How would you handle a sudden surge in orders during peak hours, like on Super Bowl Sunday?
How would you leverage customer and delivery data to personalize recommendations, improve order accuracy, and optimize pricing?
How would you protect sensitive customer and payment information from breaches?
2. Design a video-first social platform like TikTok
Problem statement: Design a video-first social platform where users can create, upload, watch, and interact with short-form videos (reels). The system should support millions of users, deliver low-latency content, and personalize each user’s video feed based on engagement history.
Sample clarifying questions!
What is the maximum video size and length supported?
Should the video feed be globally personalized or regionally segmented?
Requirements
Follow these requirements for a video-first social platform:
Functional requirements
-
Upload or create short videos
-
Stream short videos
-
Like, comment, and share videos
-
Personalized video feed
-
Follow and unfollow users
-
View creator profiles
-
Search by tags, music, or username
Nonfunctional requirements
-
High availability
-
Low latency streaming
-
Scalability (both storage and delivery)
-
Video processing and compression
System Design and workflow
When users open the app, their request is routed to the feed generation service through a load balancer. This service works with a recommendation service to generate a personalized list of videos based on the user’s watch history, likes, and other interactions.
Once the feed is generated, the app streams video content directly from a content delivery network (CDN) to ensure fast loading times, especially for users in different parts of the world. The videos are stored in a media storage system and processed by a video processing service, which handles compression, format conversion, thumbnail generation, and basic moderation.

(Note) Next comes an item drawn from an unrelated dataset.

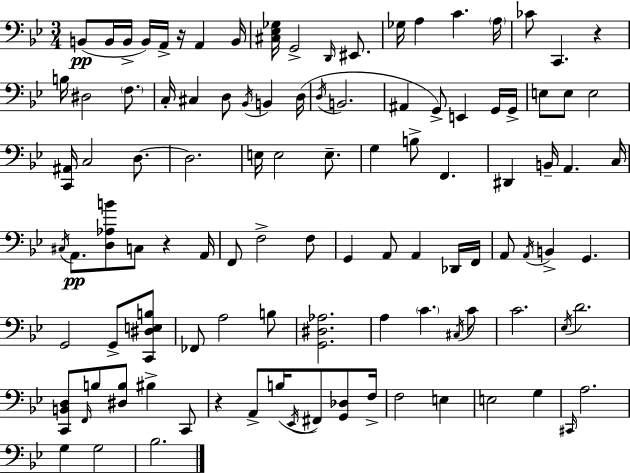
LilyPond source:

When a user uploads a video, it’s routed to the video processing service. After processing, the video is saved to media storage, which can be included in the personalized list for users through the recommendation service.
The following high-level design represents a simple workflow of a video-first social platform like TikTok:
Knowledge test!
How would you handle millions of concurrent users uploading and watching videos?
What strategies would you use to keep the feed relevant and personalized in real time?
How would you moderate inappropriate video content before it reaches viewers?
Conclusion
Mastering these 20 System Design questions will equip you with the foundational knowledge and practical skills needed to excel in technical interviews at top companies. Remember that System Design is about understanding trade-offs, asking clarifying questions, and demonstrating your ability to think systematically about complex problems. Practice these questions regularly, focus on articulating your design decisions clearly, and you’ll build the confidence to tackle any System Design challenge that comes your way.